La présente loi vise à assurer la protection de la vie végétale et des secteurs agricole et forestier de l’économie canadienne en empêchant l’importation, l’exportation et la propagation de parasites au Canada et en y assurant la défense contre ceux‑ci ou leur élimination.

[51] Cet objectif législatif ne limite pas l’objet de la Loi aux seuls parasites, comme le soutiennent les demandeurs. En fin de compte, la Loi prévoit la protection de la vie de végétaux, comme les pommes de terre de semence en l’espèce, notamment par la prévention, le contrôle et l’éradication de parasites tels que la gale verruqueuse de la pomme de terre sous toutes ses formes, depuis la spore jusqu’à la pomme de terre.

[52] À mon humble avis, on peut raisonnablement considérer que les objectifs législatifs que sont la protection de la vie végétale, laquelle englobe les pommes de terre de semence, et les mesures de prévention, de lutte et d’élimination qui visent la gale verruqueuse de la pomme de terre ont un lien rationnel avec les mesures d’inspection, d’enquête et de recherche qui étaient inhérentes à l’exécution de l’Enquête nationale sur la GV de 2021, et je signale que l’Enquête est conçue pour confirmer si des régions particulières où l’on cultive la pomme de terre et la pomme de terre de semence sont exemptes ou non de la gale verruqueuse. En fait, l’inspecteur de l’ACIA a fait état d’un énoncé semblable dans la lettre qu’il a envoyée à M. Allan.

[53] J’ajouterais que la surveillance est considérée comme une activité fondamentale et essentielle en matière de protection des végétaux selon les Normes internationales pour les mesures phytosanitaires qu’a produites l’Organisation des Nations Unies pour l’alimentation et l’agriculture dans le cadre de la Convention internationale pour la protection des végétaux.

[54] Compte tenu de cette évaluation, j’ai conclu que l’ACIA a agi de manière raisonnable en se fondant sur le paragraphe 25(1) pour justifier son pouvoir légal de mener l’Enquête nationale sur la GV de 2021. L’ACIA a interprété les dispositions, y compris le paragraphe 16(1) du RPV, de manière raisonnable et conforme au texte, au contexte et à l’objet de la LPV et du RPV.

(2) Les motifs raisonnables

[55] Les demandeurs soutiennent qu’il n’y avait aucun motif raisonnable de croire qu’un parasite, en l’occurrence la gale verruqueuse de la pomme de terre, pouvait être présent dans l’exploitation agricole de Richard Allan ou dans d’autres exploitations agricoles au Nouveau‑Brunswick.
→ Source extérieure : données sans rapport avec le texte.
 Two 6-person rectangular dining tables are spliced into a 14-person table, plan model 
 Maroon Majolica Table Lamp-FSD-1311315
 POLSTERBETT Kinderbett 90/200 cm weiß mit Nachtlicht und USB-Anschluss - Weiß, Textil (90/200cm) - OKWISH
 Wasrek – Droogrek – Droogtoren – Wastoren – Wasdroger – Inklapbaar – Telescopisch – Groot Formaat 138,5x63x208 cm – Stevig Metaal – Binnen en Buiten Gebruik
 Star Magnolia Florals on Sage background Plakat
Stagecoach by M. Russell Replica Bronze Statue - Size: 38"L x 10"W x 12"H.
Ils ajoutent que l’ACIA, en menant l’Enquête nationale, se livre à de vagues conjectures.

[56] La défenderesse estime avoir satisfait au critère relatif aux motifs raisonnables qui est énoncé dans la décision Miel Labonté Inc. c Canada (Procureur général), 2006 CF 195 [Miel], où la Cour souscrit à la décision Friends of Point Pleasant Park c Canada (Procureur général), 188 CFPI 280 [Friends of Point Pleasant Park], et que, comme il en sera question plus loin, elle se conforme à la décision de la Cour suprême du Canada sur les fouilles, les perquisitions et les saisies menées dans le contexte administratif qui est énoncée dans l’arrêt Comité paritaire de l’industrie de la Chemise c Potash, [1994] 2 RCS 406.

[57] Dans la décision Miel, au paragraphe 44, le juge Noël, de notre Cour, souscrit au critère relatif aux « motifs raisonnables » qui a été analysé dans la décision Friends of Point Pleasant Park : l’expression « motifs raisonnables signifie […] qu’une certaine preuve [...] doit exister à l’appui de [la] décision ». Le juge Noël a ensuite appliqué le critère au pouvoir de l’ACIA de rendre des décisions, en vertu toutefois d’une loi différente de la LPV. Ce critère s’applique lui aussi en l’espèce.
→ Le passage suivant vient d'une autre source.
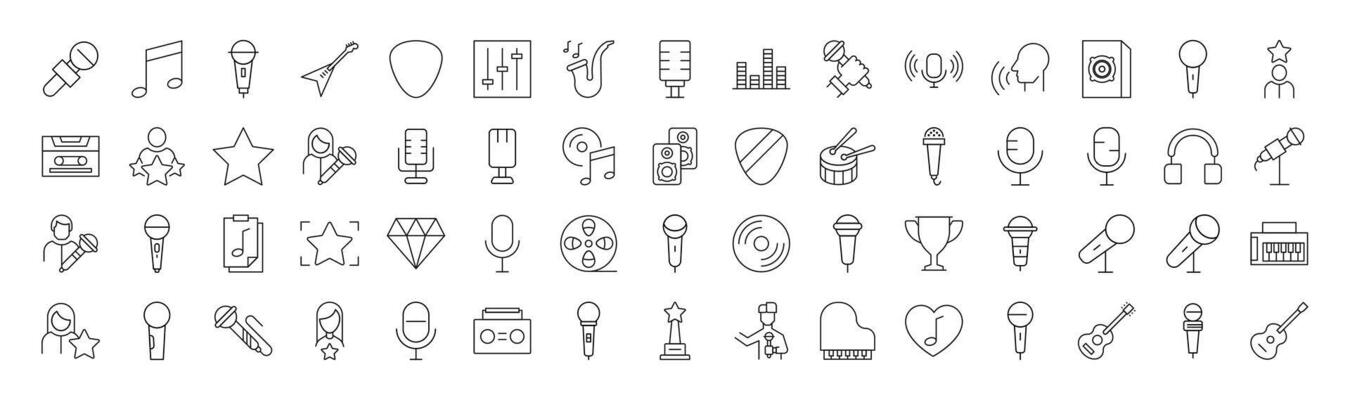 Collection of Icons of music, singer, microphone. Suitable for books, stores, shops. Editable stroke in minimalistic outline style. Symbol for design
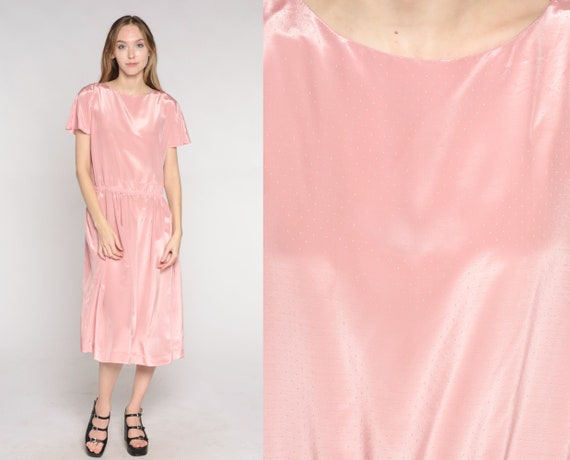 Shiny Pink Dress 80s Blouson Midi Dress Short Flutter Sleeve High Waisted Secretary Shiny Pastel Plain Party Formal Vintage 1980s Medium M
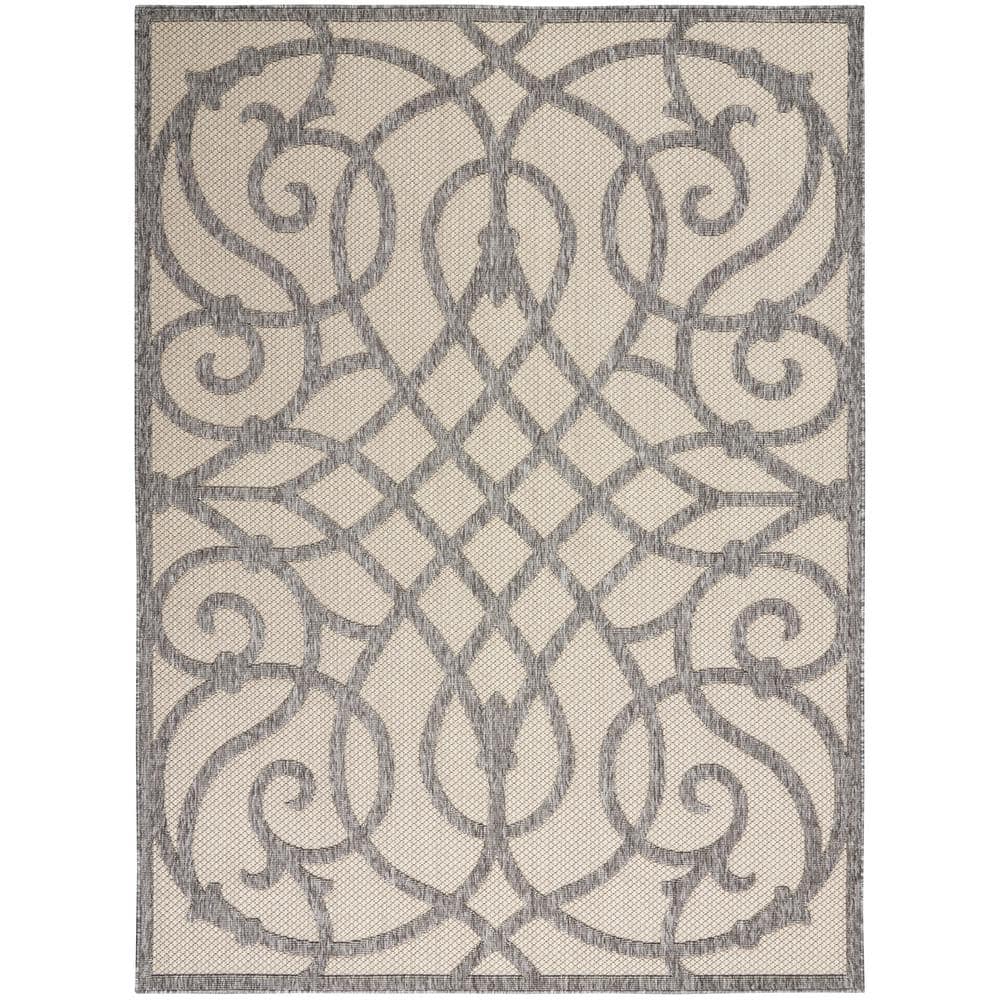 Palamos Cream Grey Geometric Synthetic 6' x 9' Indoor/Outdoor Rug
[58] Lorsqu’on évalue l’ensemble du dossier, il existe de nombreuses preuves à l’appui de la décision de l’ACIA de mener l’Enquête nationale sur la GV de 2021. Les preuves à l’appui soulignent la difficulté de déterminer la source de propagation de la gale verruqueuse de la pomme de terre à l’Î.‑P.‑É. et la nécessité de confirmer que le parasite est effectivement contenu dans les régions réglementées. En outre, les preuves soulignent le changement général vers l’échantillonnage de sol comme technique normalisée de surveillance de la gale verruqueuse de la pomme de terre, et la nécessité pour le Canada de s’adapter en conséquence.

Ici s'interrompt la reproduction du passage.